§ TO DO:
Search the entries below for "Black". Report each line where it occurs.

Recorded data
*** Block opens ***
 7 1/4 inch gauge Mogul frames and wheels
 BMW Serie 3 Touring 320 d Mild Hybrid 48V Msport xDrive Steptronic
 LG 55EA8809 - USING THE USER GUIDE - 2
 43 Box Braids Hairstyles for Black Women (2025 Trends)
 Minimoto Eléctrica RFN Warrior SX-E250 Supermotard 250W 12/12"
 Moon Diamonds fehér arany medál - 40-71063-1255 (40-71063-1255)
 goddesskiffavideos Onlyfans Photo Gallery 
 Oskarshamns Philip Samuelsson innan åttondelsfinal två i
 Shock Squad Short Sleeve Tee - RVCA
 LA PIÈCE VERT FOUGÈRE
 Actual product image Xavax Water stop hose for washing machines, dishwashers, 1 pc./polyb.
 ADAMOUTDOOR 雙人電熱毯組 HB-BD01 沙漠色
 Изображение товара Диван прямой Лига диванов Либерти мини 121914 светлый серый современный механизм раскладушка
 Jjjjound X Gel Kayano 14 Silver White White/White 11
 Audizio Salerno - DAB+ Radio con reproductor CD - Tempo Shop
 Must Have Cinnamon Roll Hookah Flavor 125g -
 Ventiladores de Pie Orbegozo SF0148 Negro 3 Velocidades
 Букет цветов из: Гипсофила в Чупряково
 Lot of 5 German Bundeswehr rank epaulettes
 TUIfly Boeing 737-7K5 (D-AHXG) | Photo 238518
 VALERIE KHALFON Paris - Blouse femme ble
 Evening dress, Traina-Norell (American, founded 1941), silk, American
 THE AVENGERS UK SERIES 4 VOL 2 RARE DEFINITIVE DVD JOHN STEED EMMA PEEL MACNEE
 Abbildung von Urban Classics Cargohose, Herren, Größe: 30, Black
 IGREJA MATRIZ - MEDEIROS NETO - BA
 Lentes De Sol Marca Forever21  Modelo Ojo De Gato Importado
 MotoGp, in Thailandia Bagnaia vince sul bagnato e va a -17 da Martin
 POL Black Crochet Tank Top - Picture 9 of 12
*** Block closes ***
§ RESULT OF THIS EXERCISE:
 43 Box Braids Hairstyles for Black Women (2025 Trends)
 Abbildung von Urban Classics Cargohose, Herren, Größe: 30, Black
 POL Black Crochet Tank Top - Picture 9 of 12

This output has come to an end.